I am sure that many of you have noticed the recent movements of the Russell 2000, which had been somewhat insulated from the harshest selling, and then sort of caught up to the other major indices yesterday. There will be some hype today about the “death cross”, which is what the TA crowd calls the chart formation formed when the 50 day moving average crosses below the 200. I don’t really buy into this as pure theory, but it’s hard to ignore that some traders do, and those traders react. So, does the selling beget the cross, or does the cross beget more selling? What came first? The chicken or the egg? You just need to know that it works for short term traders more often than it does not. However, it is definitely not the big deal that the hype machine makes it out to be. So, don’t fear the reaper.

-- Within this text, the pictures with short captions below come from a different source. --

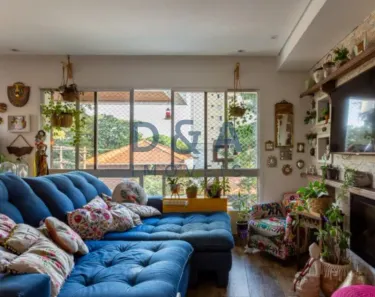 Apartamento com 3 Quartos à venda, 102m² no Indianópolis, São Paulo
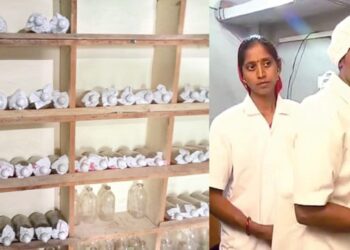 शेतीने मारले पण, ट्रायकोडर्माने तारले !  चुडाणे येथील संजय कोळींची पूरक व्यवसायातून भरारी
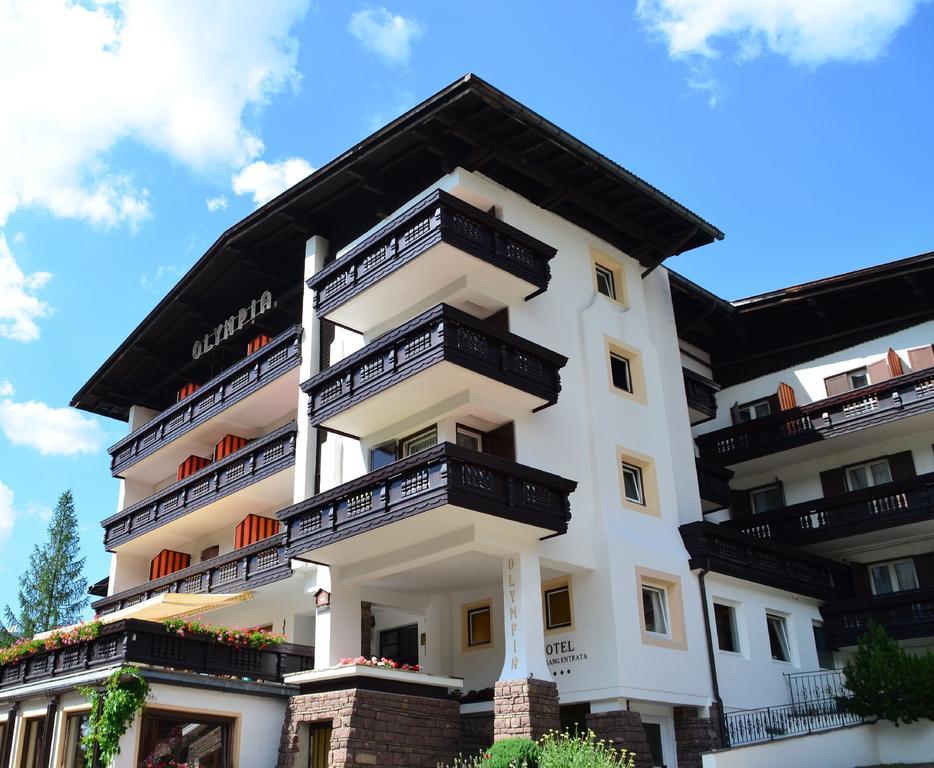 Hotel Olympia سيلفا دي فال جاردينا المظهر الخارجي الصورة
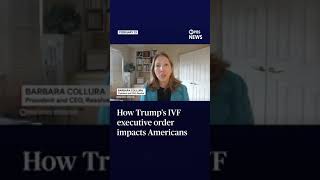 Trump's IVF Revolution: A Game-Changer for Millions Seeking Parenthood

There are a bevy of macro-economic data-points about to hit you today, and first among them will be the ADP Employment Report at 08:15 ET. This one is supposed to predict the Private Payrolls portion of the Non-Farm Payrolls number on Friday. Sometimes it’s close, sometimes it is not. That is neither here nor there. What is important to you is that, though they will forget this item by Friday, the futures market does tend to react to this print upon it’s release. The expectation for today is for something close to 207K, up from July’s 185K. The range today spans from 190K to 230K, so a failure to show improvement would surprise the marketplace.
Shortly after this release…at 08:30 ET, the Bureau of Labor Statistics will print their quarterly numbers for Productivity, and Costs. It’s kind of hard to know what you’re rooting for in this space. For Q2, we expect to have seen an increase of some 2.8% q/q for Productivity on a seasonally adjusted annualized rate, and a decrease in Unit Labor Costs of -0.9% q/q (also SAAR). If true, these would be great numbers if you just want to keep your job, but maybe not so hot, if what you are looking for is upward pressure on wages. We’ll also see July Factory Orders at 10am ET.
Two other significant items that will move money today are the weekly Oil Inventories print at 10:30 ET, and the Fed’s Beige Book at 2pm ET. About the Beige Book, the anecdotal evidence received from the Regional Federal Reserve banks could be dicey. Taking a look at the Manufacturing data for August that we have seen…. Philadelphia did OK, but the Empire State, Richmond, Kansas City, and Dallas all had awful months. My radar has not picked up any Fed speakers sneaking around today, so I guess they’ll take a hike opposite the BB release.
Most of you got hit in the teeth last week, and even yesterday. I know. This is not an “I told you so”…. it is a reminder that the extra expense of protecting your positions via the options market, or something more complex depending on your level of sophistication is usually well worth it. I learned this the hard way, myself, gang.
Now, take things as slow as you need to, get out there, and fight your fight. God bless.